Item 4. | Description of Securities. |
Not applicable.
Item 5. | Interests of Named Experts and Counsel. |
Not applicable.
Item 6. | Indemnification of Directors and Officers. |
Section 145 of the Delaware General Corporation Law (DGCL) authorizes a corporations board of directors to grant, and authorizes a court to award, indemnity to officers, directors, and other corporate agents.

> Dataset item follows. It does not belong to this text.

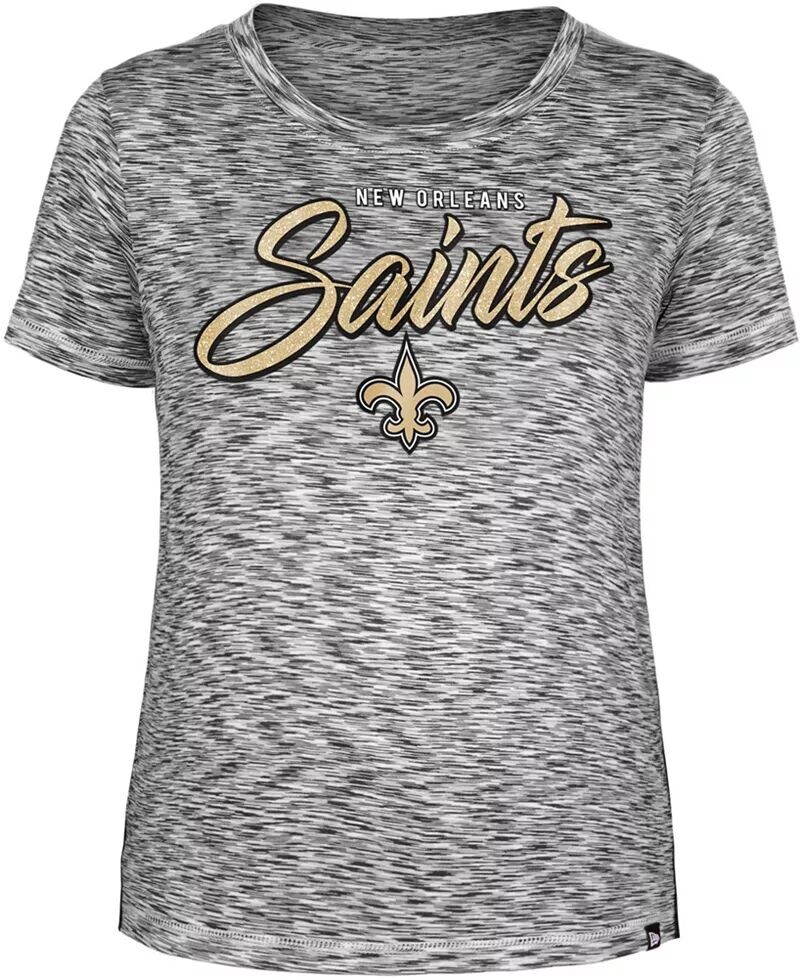 

Женская блестящая черная футболка New Era New Orleans Saints Space Dye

The Registrants current amended and restated certificate of incorporation contains provisions that, in accordance with Section 102(b)(7) of the DGCL, limit the liability of its directors for monetary damages to the fullest extent permitted by Delaware law, except liability for: (i) any breach of their duty of loyalty to the Registrant or its stockholders, (ii) any act or omission not in good faith or that involves intentional misconduct or a knowing violation of law, (iii) unlawful payments of dividends or unlawful stock repurchases or redemptions as provided in Section 174 of the DGCL; or (iv) any transaction from which they derived an improper personal benefit.

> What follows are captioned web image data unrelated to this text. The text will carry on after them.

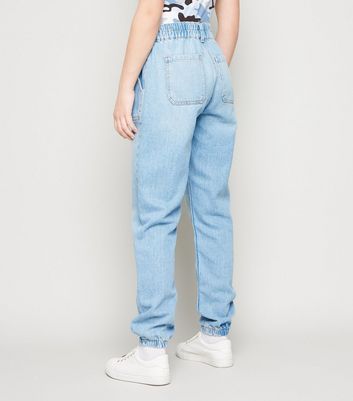 Girls Pale Blue Denim Jogger Jeans 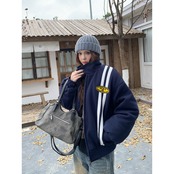 【暖かさUP】ストライプスタンドカラー 中綿ジャケット T1964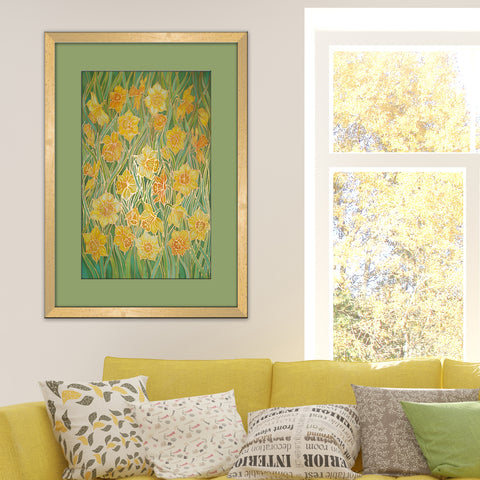 SOLD Yellow Daffodil Dreams Painting - flowers hand painted silk - Original Art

The Registrants current amended and restated by-laws provide that the Registrant will indemnify, to the fullest extent permitted by law, any person who is or was a party or is threatened to be made a party to any action, suit or proceeding by reason of the fact that he is or was one of the Registrants directors or officers or is or was serving at its request as a director or officer of another corporation, partnership, joint venture, trust, or other enterprise. Additionally, the amended and restated by-laws provide that the Registrant may indemnify to the fullest extent permitted by law any person who is or was a party or is threatened to be made a party to any action, suit, or proceeding by reason of the fact that he is or was one of the Registrants employees or agents or is or was serving at its request as an employee or agent of another corporation, partnership, joint venture, trust, or other enterprise. The amended and restated by-laws also provide that the Registrant must advance expenses incurred by or on behalf of a director or officer in advance of the final disposition of any action or proceeding, subject to very limited exceptions.

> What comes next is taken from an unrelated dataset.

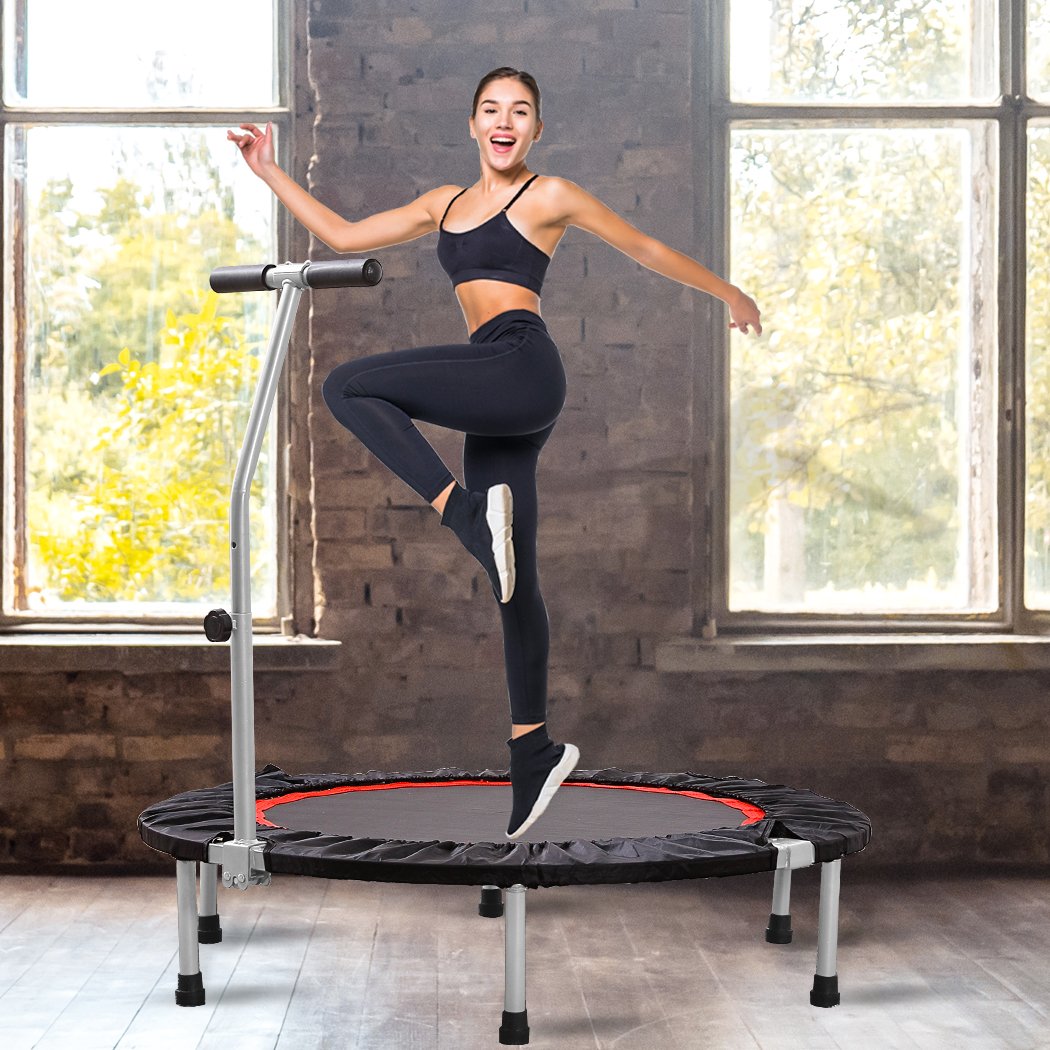 40"" Fitness Trampoline Foldable Mini Rebounder Handrail Cardio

The Registrant has entered into indemnification agreements with each of its directors and executive officers that may be broader than the specific indemnification provisions contained in the DGCL. These indemnification agreements require the Registrant, among other things, to indemnify its directors and executive officers against liabilities that may arise by reason of their status or service. These indemnification agreements also require the Registrant to advance all expenses incurred by the directors and executive officers in investigating or defending any such action, suit, or proceeding.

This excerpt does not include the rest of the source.